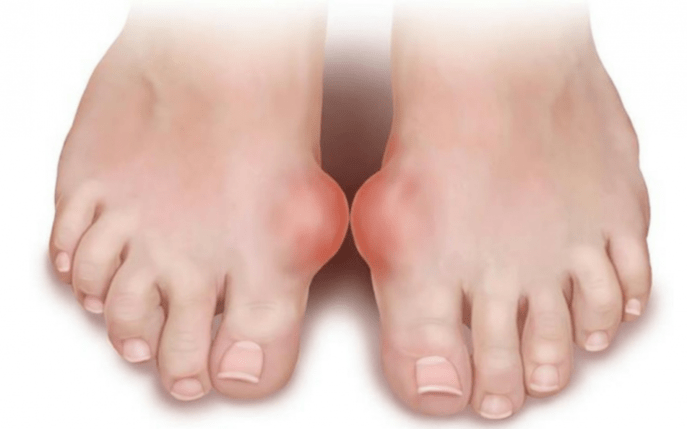 foot deformity as a cause of fungus on the feet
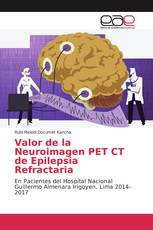Valor de la Neuroimagen PET CT de Epilepsia Refractaria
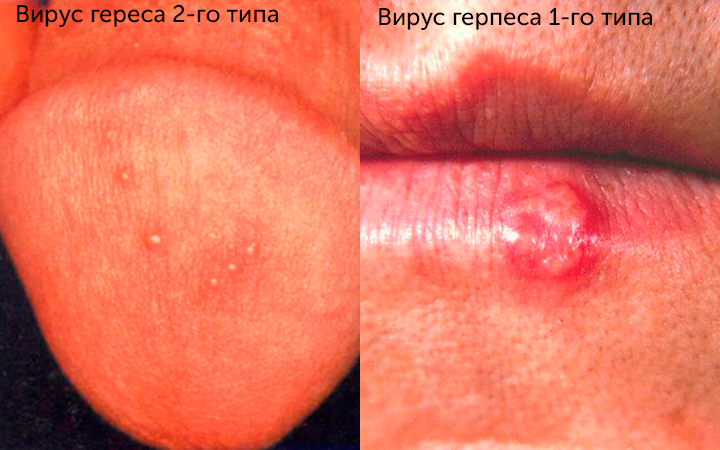Типы герпеса Типы герпеса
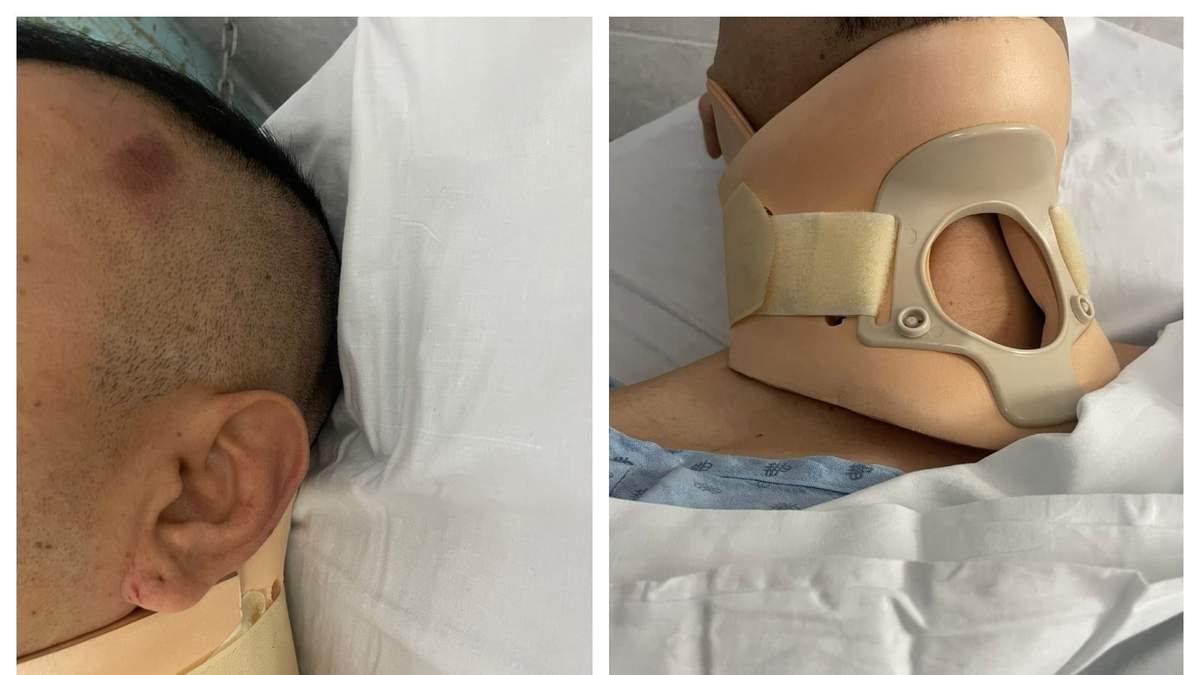 Mako Sierra fue trasladado al hospital comunitario de Juventino Rosas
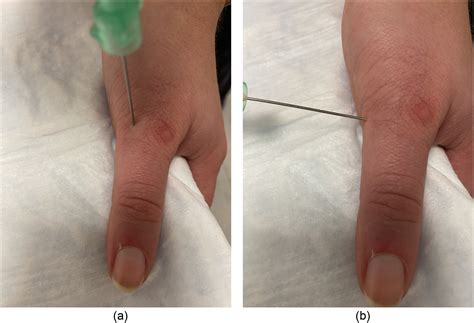 Digital Nerve Blocks: A Comprehensive Review of Techniques - Journal of ...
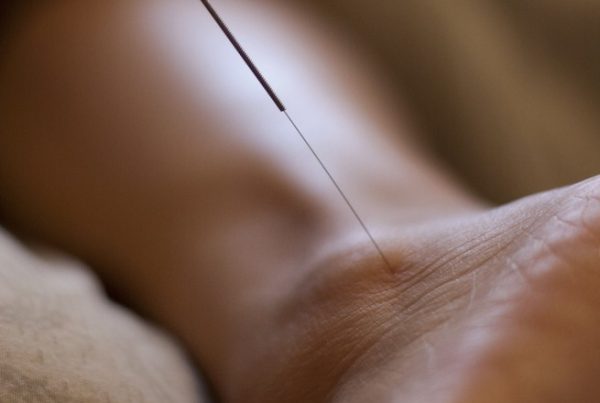 Acupuncture for Runners
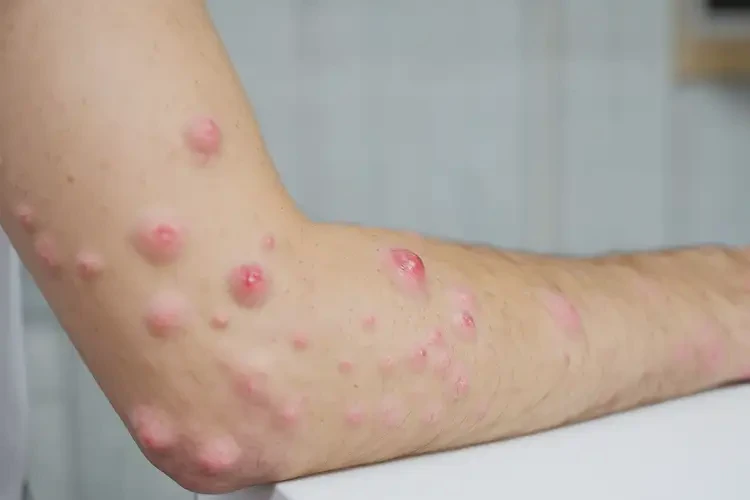 大學(xué)生手臂有濕疹不管它會(huì)自己好嗎(圖4)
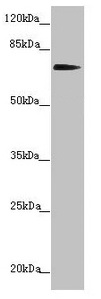 KIZ / PLK1S1 Antibody - Western blot All lanes: KIZ antibody at 2.41µg/ml + Hela whole cell lysate Secondary Goat polyclonal to rabbit IgG at 1/10000 dilution Predicted band size: 76, 63, 70, 74, 60 kDa Observed band size: 76 kDa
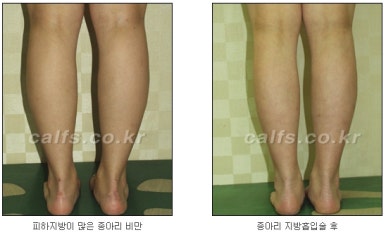 ​[두한성형외과 종아리수술] - [나에게 맞는 종아리성형방법] 관련 이미지 37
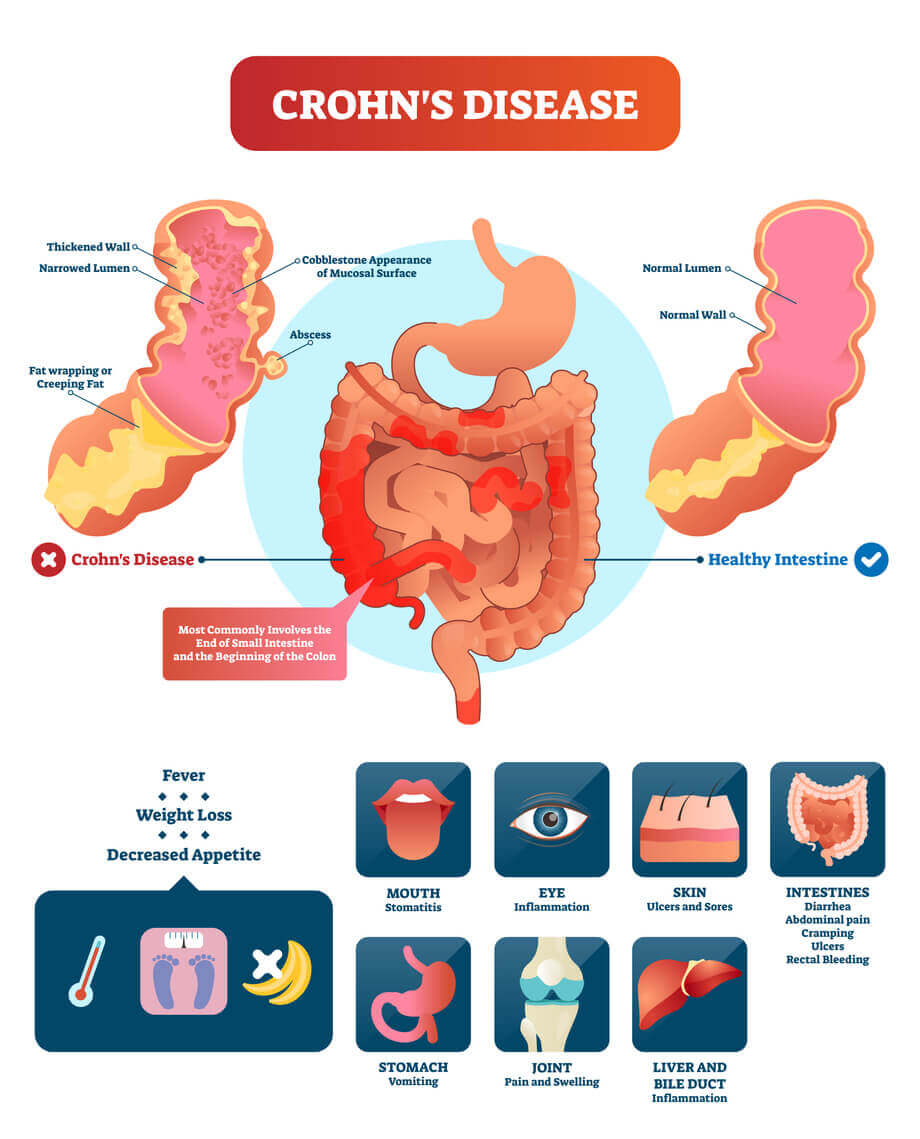 rohns disease vector illustration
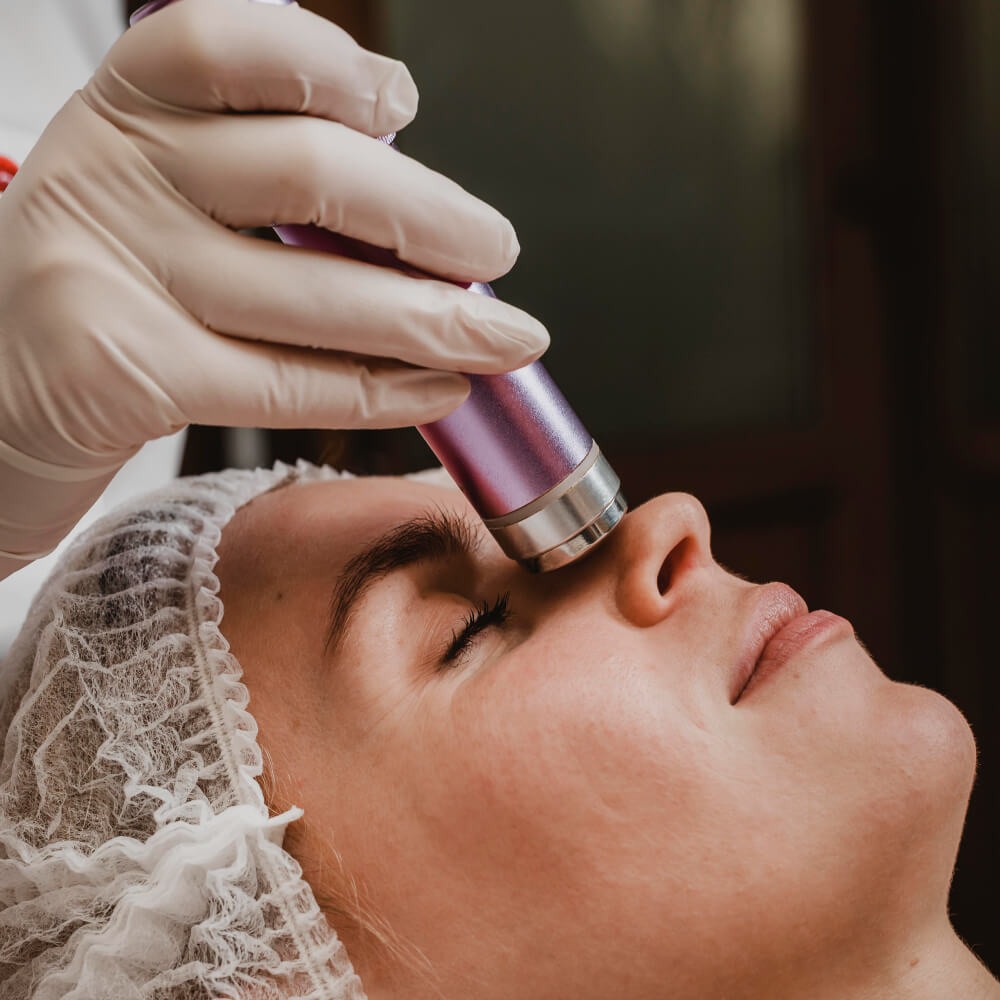 PICO Skin Treatment Islamabad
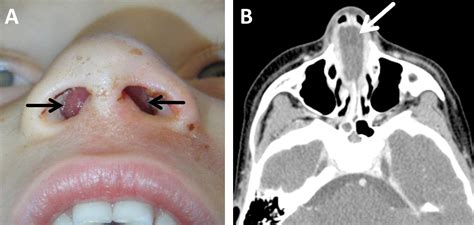 Septal Hematoma Always Think About It The Journal Of Pediatrics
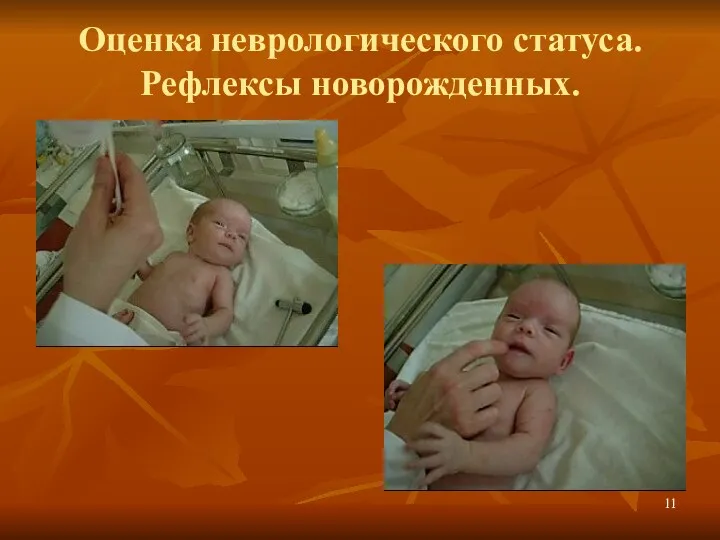 Оценка неврологического статуса. Рефлексы новорожденных.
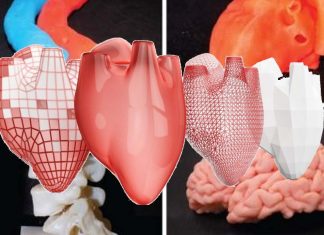 New technique called SWIFT allows 3D printing of large, vascularized human organ building blocks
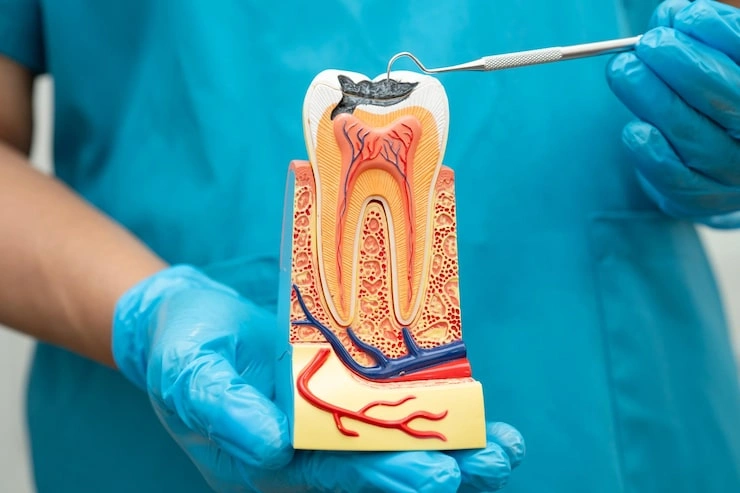asian dentist holding dental implant artificial tooth roots into jaw root canal dental treatment gum disease teeth model dentist 39768 18625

--*--

_Task statement_:
The copy should hold exactly the lines above from the one with "종아리성형방법] 관련 이미지 37" through the one with "New technique called", both ends counted, and no pictures at all.

_Task solution_:
 ​[두한성형외과 종아리수술] - [나에게 맞는 종아리성형방법] 관련 이미지 37
 rohns disease vector illustration
 PICO Skin Treatment Islamabad
 Septal Hematoma Always Think About It The Journal Of Pediatrics
 Оценка неврологического статуса. Рефлексы новорожденных.
 New technique called SWIFT allows 3D printing of large, vascularized human organ building blocks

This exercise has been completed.